> _Prompt_: Transcribe only the lines in the data below falling between the line with "Sandalias Aerosoles Esta" and the line with "5-zimmer wohnung 350", including those two lines, and leave out any picture.

> _Exercise input_:
*** Begin section ***

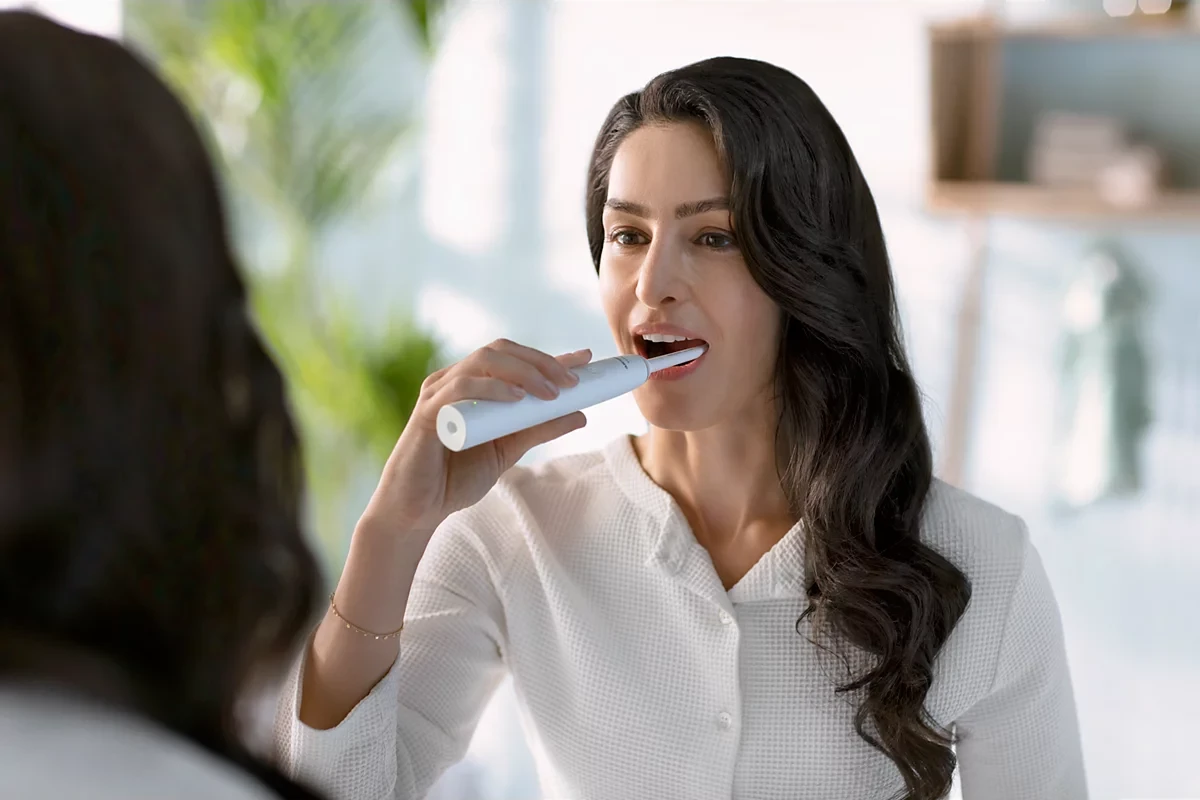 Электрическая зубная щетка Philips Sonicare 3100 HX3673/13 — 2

*** End section ***
*** Begin section ***

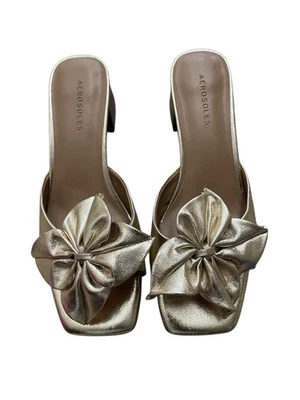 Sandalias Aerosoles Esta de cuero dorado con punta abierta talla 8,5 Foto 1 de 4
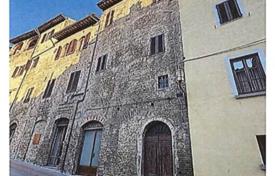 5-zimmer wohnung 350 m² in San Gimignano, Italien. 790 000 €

*** End section ***
*** Begin section ***

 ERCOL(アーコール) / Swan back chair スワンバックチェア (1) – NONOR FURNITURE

*** End section ***

> _Reply_:
 Sandalias Aerosoles Esta de cuero dorado con punta abierta talla 8,5 Foto 1 de 4
 5-zimmer wohnung 350 m² in San Gimignano, Italien. 790 000 €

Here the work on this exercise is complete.